Italy’s power utility Enel has offered to help the country build a massive fiber to the home broadband network capable of bringing ultrafast Internet speeds to 85% of the country within six years if it can sort out a potential conflict with Telecom Italia, the country’s largest telecom company.
Enel, still controlled by the Italian government, volunteered its domestic network infrastructure to help install fiber optics more cheaply than Telecom Italia could manage on its own, especially in rural and industrial areas.
The offer is controversial because it could put the new fiber network under public control by using Enel, whereas Telecom Italia is a publicly traded company now majority controlled by Spain’s Telefónica and several Italian banks.
Enel, which is focusing much of its domestic strategy on developing its power distribution grid and smart digital technology, has about 1.2 million kilometers of power lines and 450,000 power distribution cabinets across Italy. Smart grid technology is often dependent on fiber optic communications, so making room for Italy’s Metroweb fiber network seemed easy enough.
Prime Minister Matteo Renzi is backing the $13.35 billion project under the Metroweb brand, a company partly owned by state lender Cassa Depositi e Prestiti (CDP).
Such a deal could potentially lock out Telecom Italia, which is already upset with the government over ownership issues, technology and its inability to buy into the Metroweb project.
Enel insists their involvement would be “synergistic with what the telecom operators have done and planned,” not in competition with those efforts. But Telecom Italia remains concerned it could be left behind by a project that would likely dominate Italian telecommunications for decades.
This isn’t the first venture into telecommunications Enel has made. The power company earlier launched Wind, the third biggest of Italy’s four mobile network operators, which is today owned by Vimpelcom.
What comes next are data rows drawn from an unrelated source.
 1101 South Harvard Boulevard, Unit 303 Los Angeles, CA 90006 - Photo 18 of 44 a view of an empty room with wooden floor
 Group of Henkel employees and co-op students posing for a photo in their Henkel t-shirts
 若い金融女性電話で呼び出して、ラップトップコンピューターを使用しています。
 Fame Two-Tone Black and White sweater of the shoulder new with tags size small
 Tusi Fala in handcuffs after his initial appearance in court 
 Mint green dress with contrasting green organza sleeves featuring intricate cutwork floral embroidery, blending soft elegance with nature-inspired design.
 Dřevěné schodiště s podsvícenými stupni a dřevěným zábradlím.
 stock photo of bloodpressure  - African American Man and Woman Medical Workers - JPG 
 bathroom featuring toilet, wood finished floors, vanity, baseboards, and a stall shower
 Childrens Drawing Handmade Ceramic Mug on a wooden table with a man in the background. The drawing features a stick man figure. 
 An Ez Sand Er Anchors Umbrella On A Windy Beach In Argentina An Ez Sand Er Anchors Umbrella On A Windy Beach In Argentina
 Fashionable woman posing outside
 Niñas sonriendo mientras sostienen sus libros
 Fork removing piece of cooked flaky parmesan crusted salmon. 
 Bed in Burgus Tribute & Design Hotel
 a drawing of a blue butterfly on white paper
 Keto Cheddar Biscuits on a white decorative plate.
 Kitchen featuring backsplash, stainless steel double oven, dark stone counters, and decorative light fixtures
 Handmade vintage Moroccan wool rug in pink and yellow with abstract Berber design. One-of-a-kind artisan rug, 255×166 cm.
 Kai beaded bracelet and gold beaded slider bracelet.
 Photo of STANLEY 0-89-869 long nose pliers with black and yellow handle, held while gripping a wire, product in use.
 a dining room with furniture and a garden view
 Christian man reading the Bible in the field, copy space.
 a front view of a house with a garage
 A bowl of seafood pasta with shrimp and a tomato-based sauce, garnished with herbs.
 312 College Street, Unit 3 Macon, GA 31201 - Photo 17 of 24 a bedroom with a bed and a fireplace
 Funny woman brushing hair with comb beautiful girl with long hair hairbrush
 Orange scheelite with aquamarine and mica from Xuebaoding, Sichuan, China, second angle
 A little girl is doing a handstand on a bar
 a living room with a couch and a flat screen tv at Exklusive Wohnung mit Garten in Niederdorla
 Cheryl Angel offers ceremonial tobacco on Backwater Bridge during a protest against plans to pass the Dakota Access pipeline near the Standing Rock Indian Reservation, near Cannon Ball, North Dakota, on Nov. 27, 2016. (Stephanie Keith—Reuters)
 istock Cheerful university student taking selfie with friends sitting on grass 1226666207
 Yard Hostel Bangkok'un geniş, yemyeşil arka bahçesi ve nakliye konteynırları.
Telecom Italia is widely blamed for Italy’s lagging broadband rankings, having failed to invest in up-to-date network technology because of the company’s high debt and falling revenues. Fewer than 1 percent of Italians with an Internet subscription receive connection speeds of at least 30 megabits per second, according to the Agcom communications authority. That compares with the European average of 21 percent. The Italian government considers anything short of a modern fiber optic network a drag on the country’s competitiveness and wants the network built as fast as possible.